I was thumbing through a Forbes and a Smart Money magazine while waiting at a bank this afternoon and several reasons for Occupy Wall Street came to mind. What did I see that triggered these thoughts?
Ads. The ads got my attention. The primary purpose of advertising is to stimulate a strong desire for a product, service, or idea. In Smart Money and Forbes, and a dozen magazines and web sites just like them, the proliferation of full page and full color ads are dripping with $10 million Lear Jets, $120k Jaguars, $5k watches whose brands I’ve never heard of, and all manner of materialism that only those whose incomes are a million a year or more could possibly afford. I would imagine that each ad cost tens of thousands of dollars to produce and twice as much to publish. It is not just the fact that these advertised products are out of reach of 90% of our population. It is the visceral feeling of many of us when we view such things is ostentatious, insatiable greed, and material one-upsmanship.
Envy on one side
Those involved in Occupy Wall Street (OWS) and those who sympathize with them are emotionally impacted by the material display of wealth wagged in their face through both the advertising and the consumption of these wealth-flaunting objects . What is the unintended consequence of this flaunting of materialism among the 90% of the “have nots?” Jealousy, envy, and covetousness. The acting out of many of these envious and jealous souls is socially irresponsible and in many cases unlawful. The authority figures who are supposed to be defending society against OWS lawlessness have not taken decisive action because many of these political leaders are sympathetic to the wealth disparity that the occupiers are protesting.
Greed on the other side
Granted, many wealthy individuals do a lot of good – in fact are the engine of prosperity for much of the rest of us. I have no doubt that most who own the objects of wealth worked hard to earn every penny required to purchase them. That is not the point. The point is their decision to flaunt their wealth by their ostentatious display of materialism which many interpret as a form of superiority and taunting of those who haven’t reached their “level” for whatever reason. A good number are self-absorbed extravagant consumers who couldn’t care less about those beneath them.

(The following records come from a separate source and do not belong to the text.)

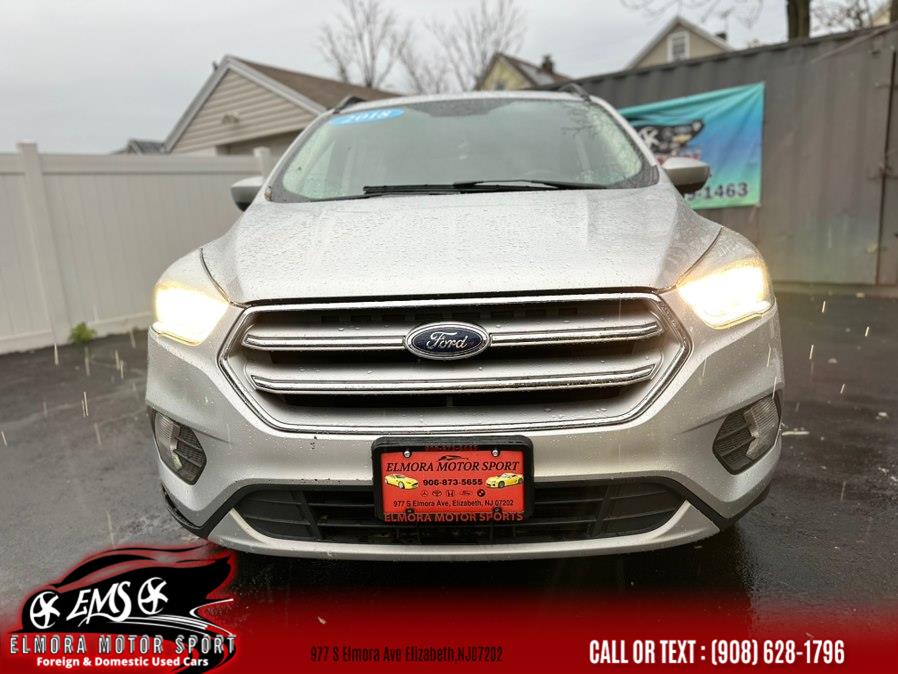 2018 Ford Escape SEL - Photo 9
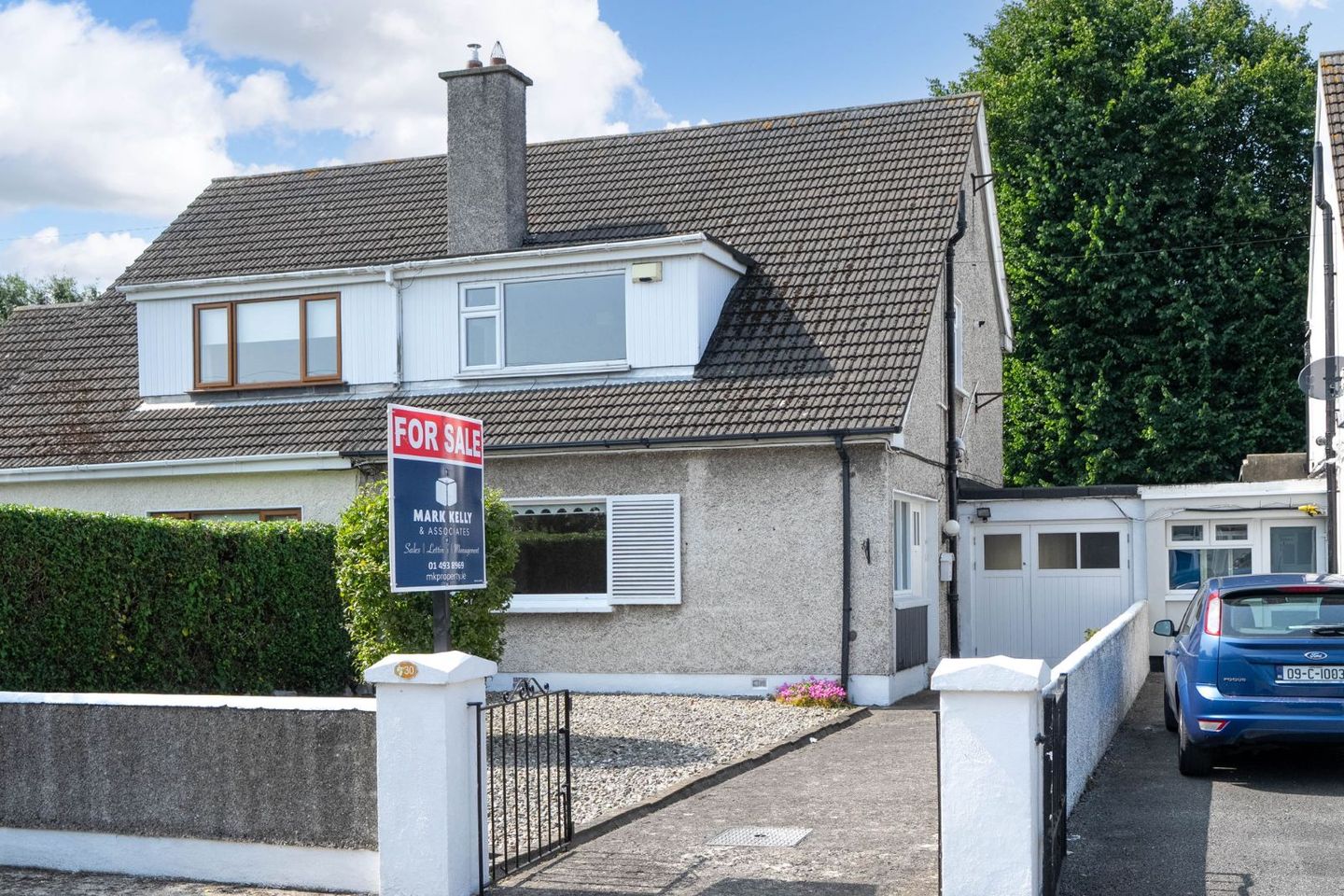 30 Ballyroan Park, Rathfarnham, Dublin 16, D16A0X4
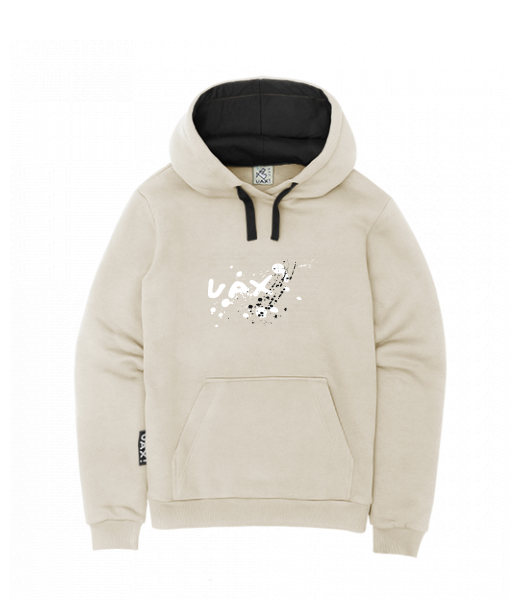 MEN'S INSULATED KANGAROO HOODIE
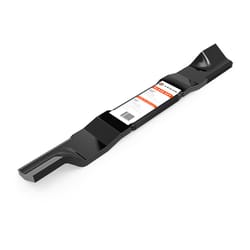 Ariens Ikon 60 in. Standard Mower Blade For Riding Mowers 3 pk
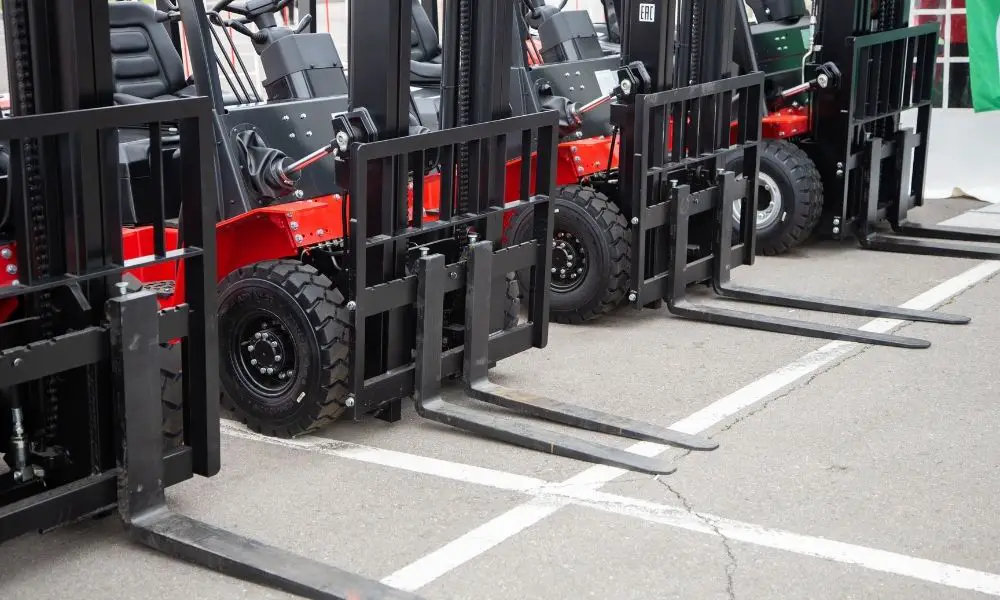 What to Know About a Forklift Rodeo Competition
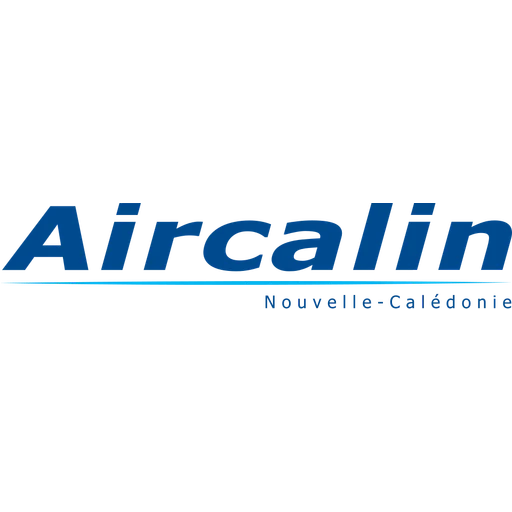 Logo von Aircalin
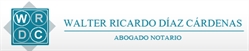 Diaz Cardenas Walter Ricardo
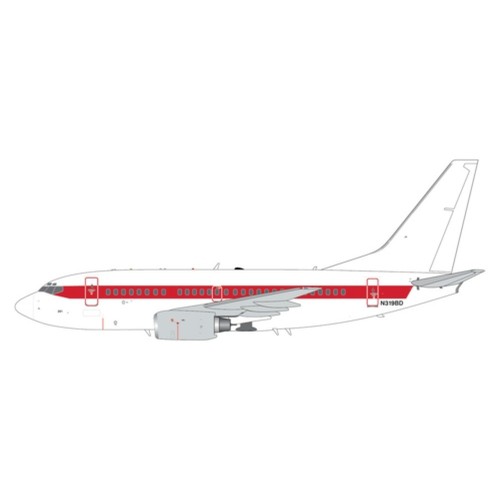 Gemini jets 200 - gemini, 1/200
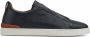 Zegna Low-top sneakers Blauw - Thumbnail 1
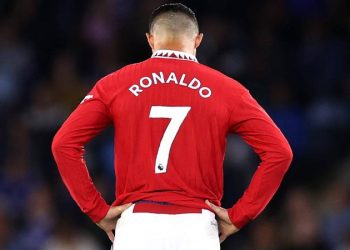 Manchester United, Cristiano Ronaldo'nun sözleşmesini feshetti!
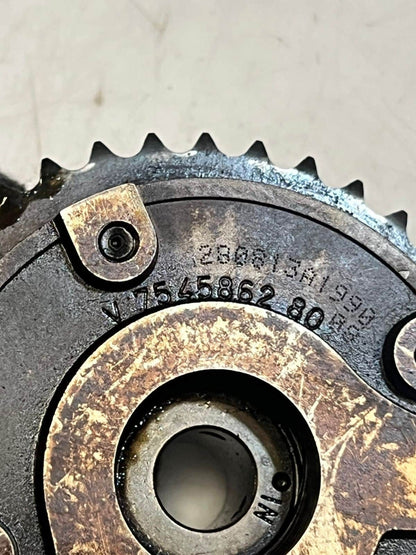 2006-2013 Mini Cooper R56 R55 R57 N13 N14 Petrol Camshaft Adjuster 7545862 OEM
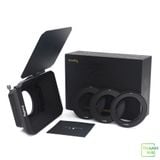 SmallRig Lightweight Matte Box 2660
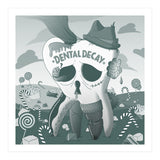DENTAL DECAY (Print Only) thumbnail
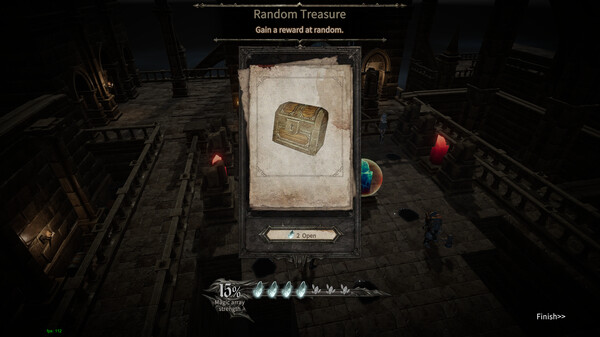 Dungeon Redemption screenshot 6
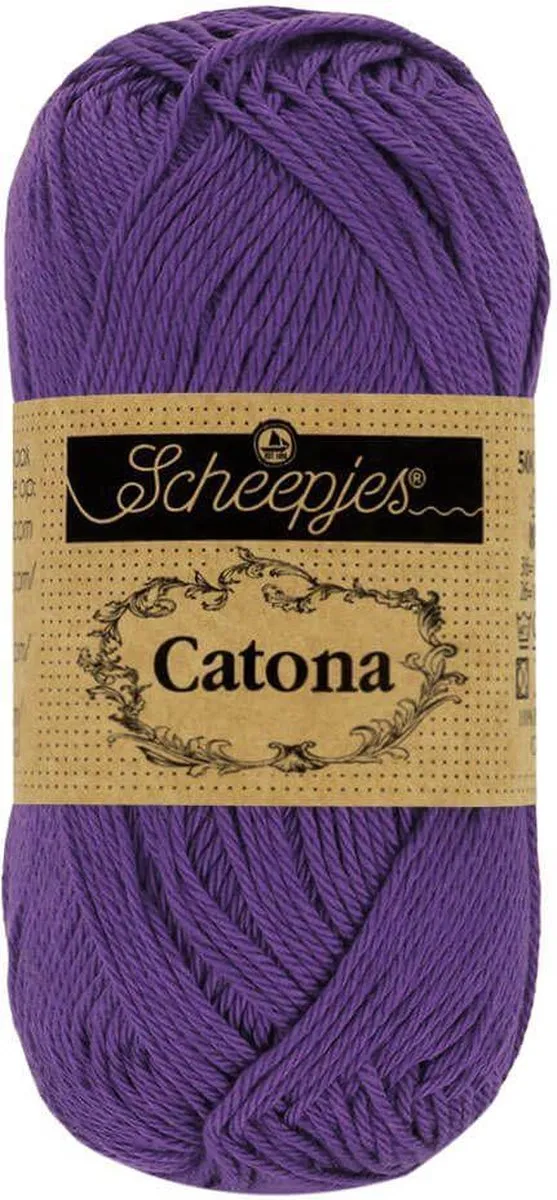 Scheepjes Catona 10g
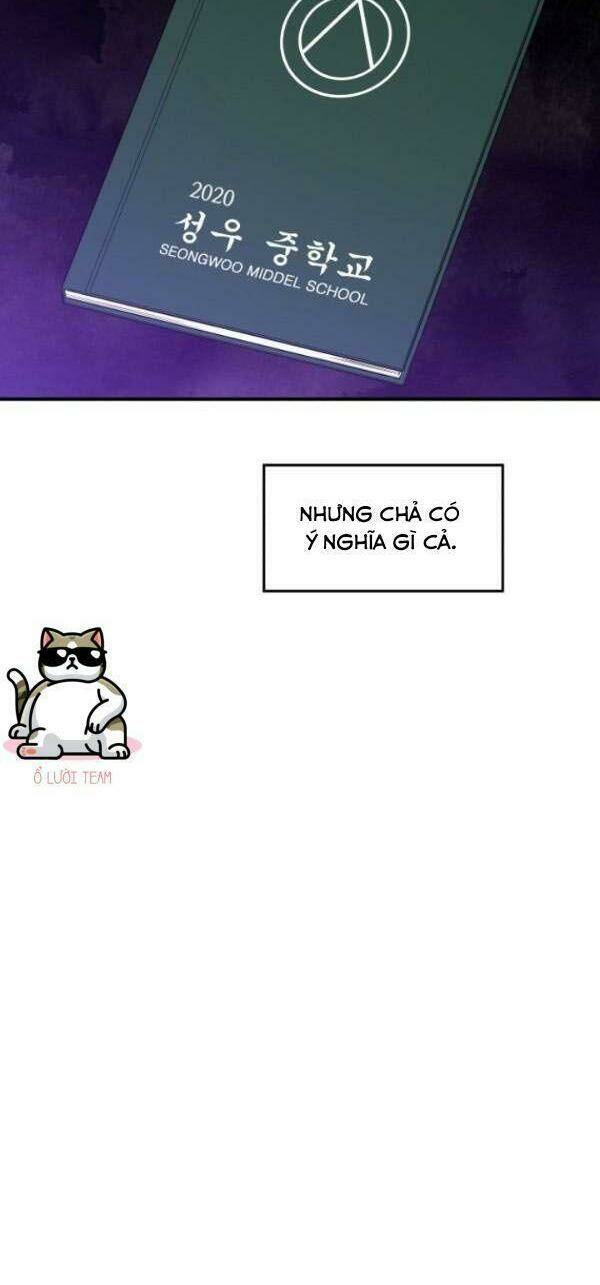 Nhân Vật Phản Diện Bất Tài: Chapter 2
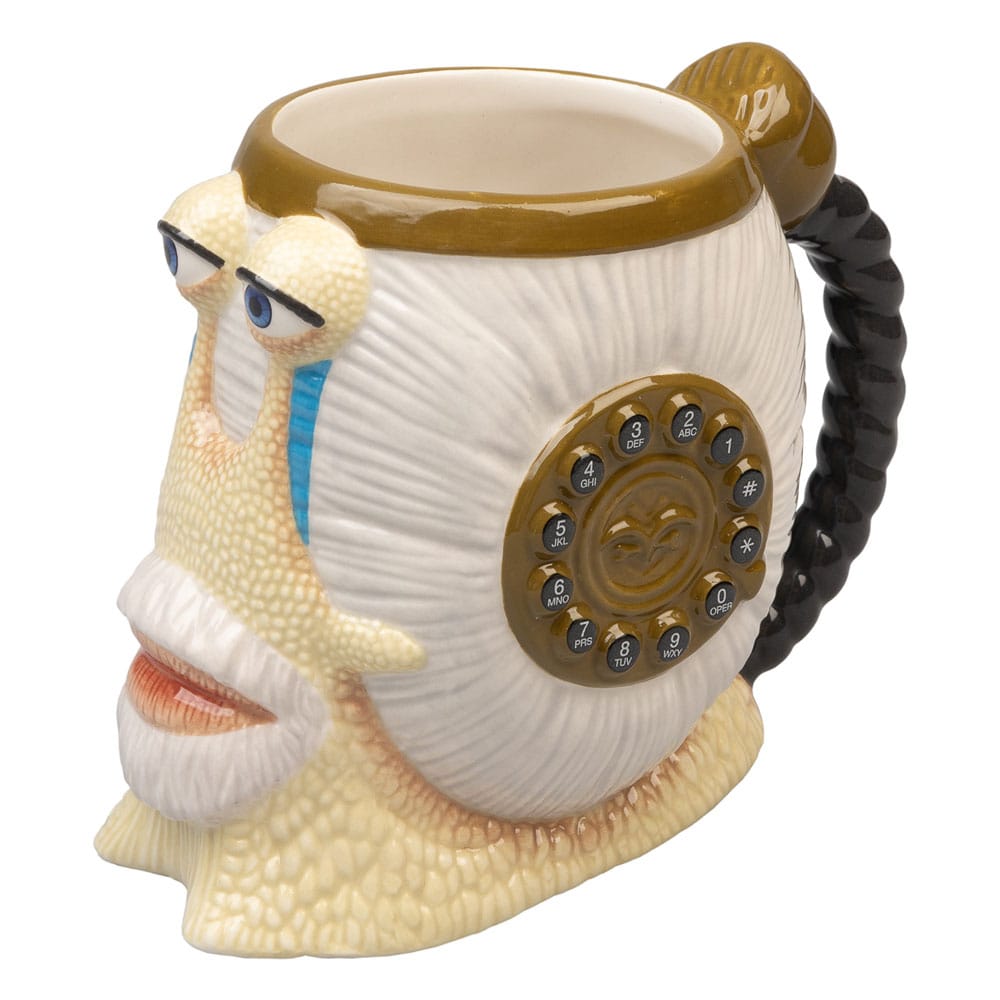 One Piece Tankard Den Den Mushi P069061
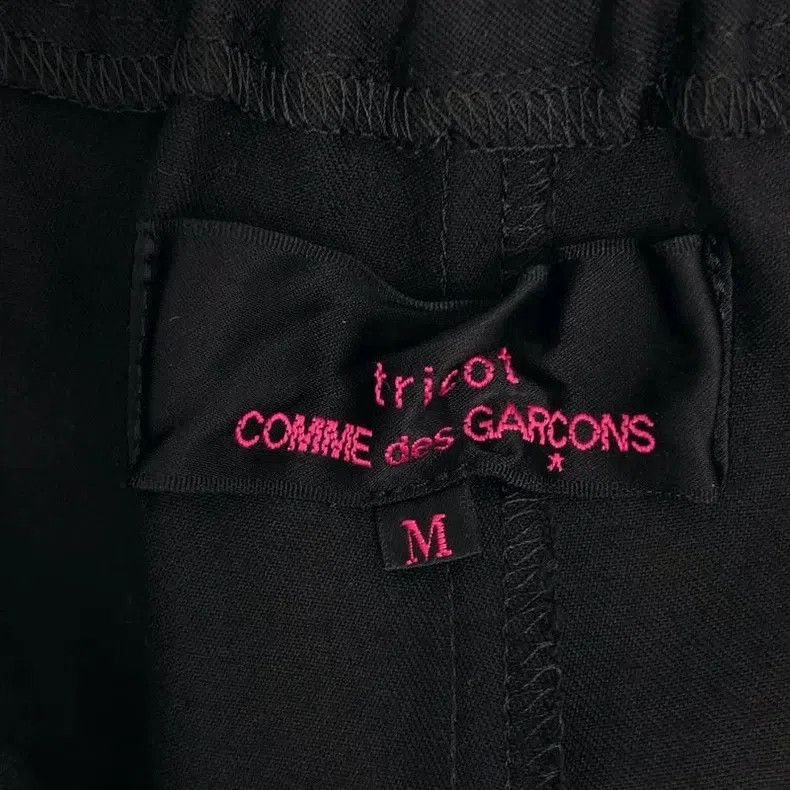 Comme des Garcons Comme Des Garcons size M Wide Leg Pants Size 23" - 7 Thumbnail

Moral failures on both sides
This situation can best be described as a two-sided moral failure headed for a collision. On the side of the wealthy, the moral failure is their material greed and their flaunting thereof. On the side of the OWS/sympathizers is the moral failure of envy, jealousy, and covetousness.
The morally healthy person on either side of this divide would not act as they do. The wealthy would not flaunt. The non-wealthy would not covet. Sure, government could force a redistribution, but that would not cure the moral conflict. Redistribution would have equally bad, if not worse consequences, by reducing incentive to be productive (among both the “have mores” and the “have lesses”) and create a collective poverty.
Bottom line: The confrontation we are seeing is not so much an economic problem; not even so much a political problem. It is a moral problem.